[Spambayes] RE: For the bold

Tim Peters tim.one@comcast.net
Sun, 06 Oct 2002 02:14:15 -0400


[Rob Hooft]
>...
> Appended is a pdf containing six histograms made using
> max_discriminators=55
>
> The first one is zham for all ham messages. As you can see, the
> distribution is asymmetric. Furthermore, a simple average and standard
> deviation calculation results in a bell curve that does not follow the
> important tail of the histogram: the chances will be severely
> underestimated by these parameters.

Two things.  First, the raw spam score (smean) of a msg is the natural log
of the geometric mean of the extreme-word spamprobs.  This statistic can
never be positive, has no theoretical bound on how low it can go, and is
typically a small negative number, around -0.12.  It's simply impossible to
get a raw score "much larger" (much more positive) than that, but easy to
get one much smaller (much more negative), so I think the asymmetry is
inevitable.

The raw ham score (hmean) is similar, but uses the log of the geometric mean
of 1-prob, and is typically farther away from 0.0, nearer -0.33.  That gives
more room for larger scores to exist (remember that it can never be
positive!), and I expect that's why the first stab at fitting a bell curve
to the ham worked better than for the spam, despite that both were poor
fits.

All this may well be why the original use_central_limit scheme (which uses
the straight mean of the word spamprobs -- no logs, no geometric means, no
two-way prob vs 1-prob scoring) worked better for me under your scheme in my
tests:  that's got no fundamental reason (as far as I can see) to be *so*
lopsided; indeed, the mean and median of hmean are very close under
use_central_limit, and likewise for smean.  This isn't true under the other
central limit schemes.  They're still lopsided, though; here from an
original central limit run:

ham ham mean: 6000 items; mean 0.18; sdev 0.09
-> <stat> min 0.00620435; median 0.183251; max 0.840666

spam spam mean: 6000 items; mean 0.93; sdev 0.07
-> <stat> min 0.486362; median 0.950825; max 0.996632

The ham mean can't get below 0 under that scheme, and 0 is just two sdevs
away from the ham-mean mean ~= the ham-mean median.

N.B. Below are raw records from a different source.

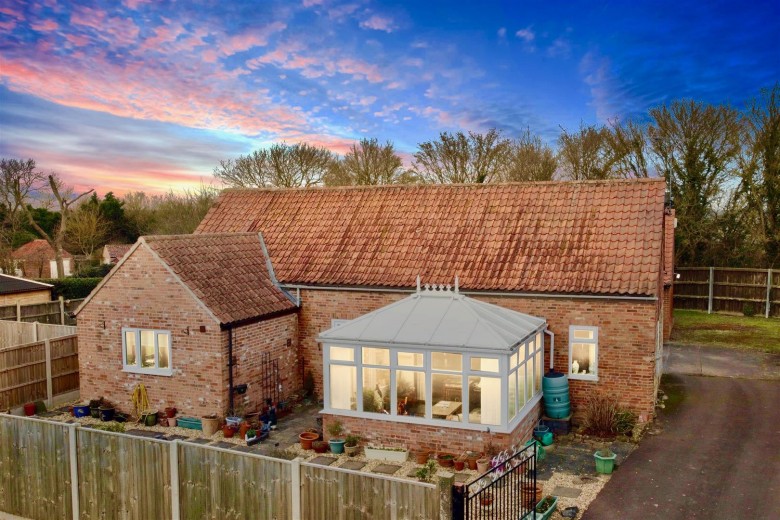 Click the photo for more details of Chapel Street, Beckingham, Lincoln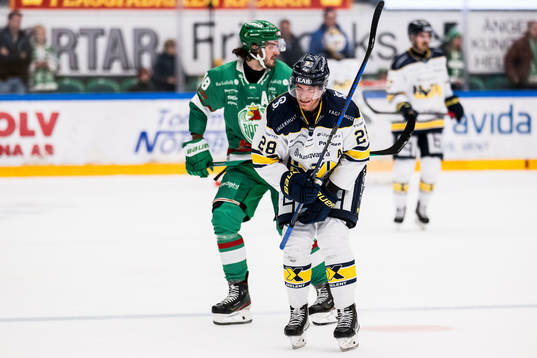 HV71s Joonas Nättinen lämnar planen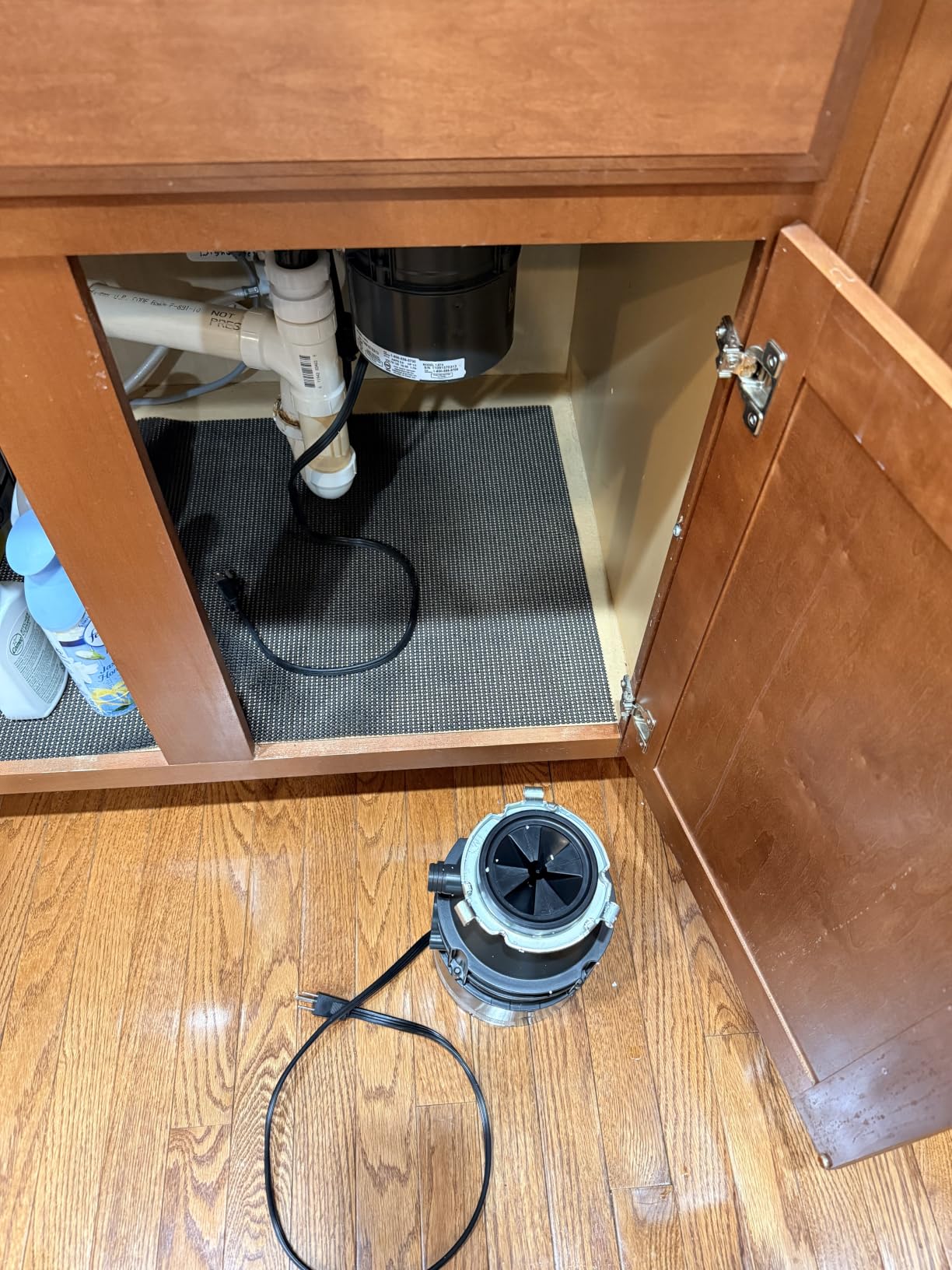 InSinkErator Badger 5 Garbage Disposal with Power Cord, Badger Series 1/2 HP Continuous Feed Food Waste Disposer customer photo 2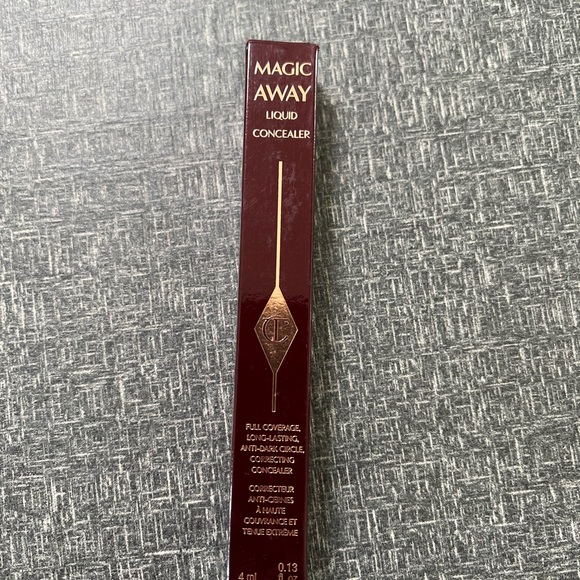 Charlotte Tilbury Magic Away Liquid Concealer #14 - Picture 11 of 11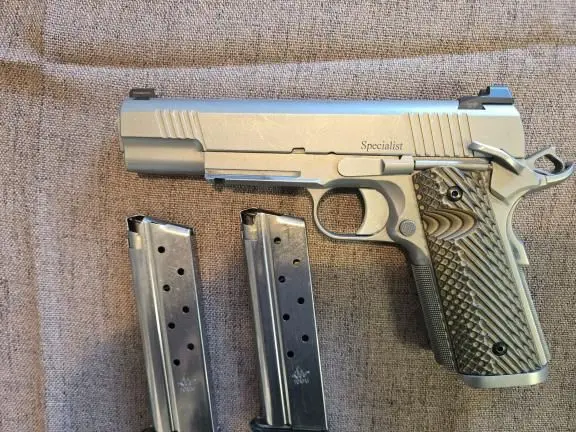 Dan Wesson Specialist 10mm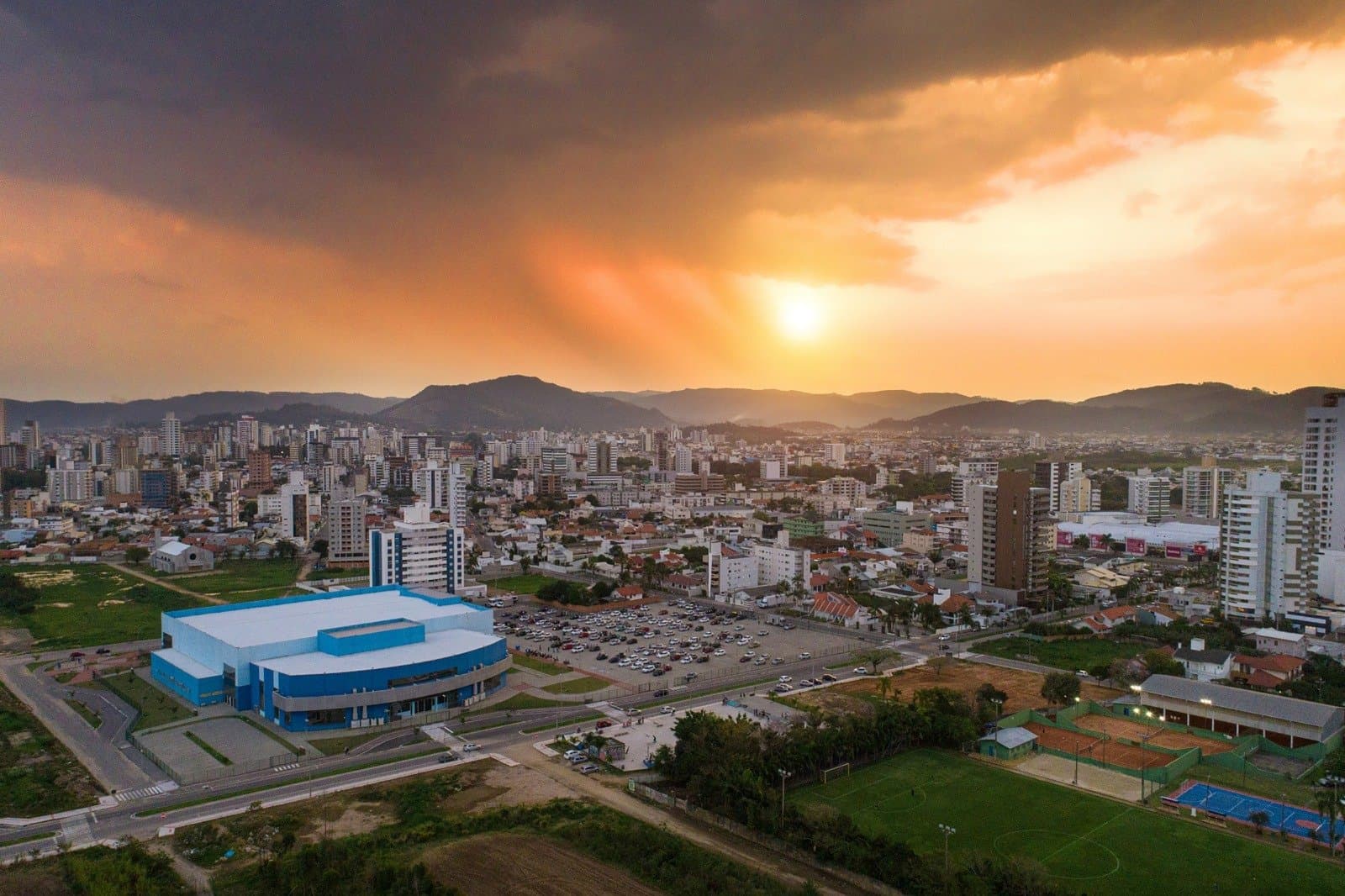 “Gigantes da Bola” vai reunir craques do futebol brasileiro em Tubarão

The spam mean can't get above 1.0 under that scheme, and 1.0 is just one
sdev removed the spam-mean mean ~= (but less so) the spam-mean median.  So
here again, fitting the ham in a bell curve is easier than fitting the spam.


Second, there's no real justification for the way zscores are computed in
the classifier code now.  You may get better results if you ignore the
zscores in the pickle, and work directly with the raw hmean and smean scores
instead (which are also in the binary pickle saved by clgen).  They're the
actual data here, and the zscores are a distorted version that factor in n
(the number of extreme words) in a way that doesn't make real sense.  Note
that n is also in the clgen pickle tuples:  all the relevant info is there,
except for the individual word probabilities used.

> The second one is abs(zham) for all ham messages. The bell curve fits
> this histogram much better!

Since use_central_limit2 and use_central_limit3 produce inherently and
highly lopsided distributions, I think that makes good sense.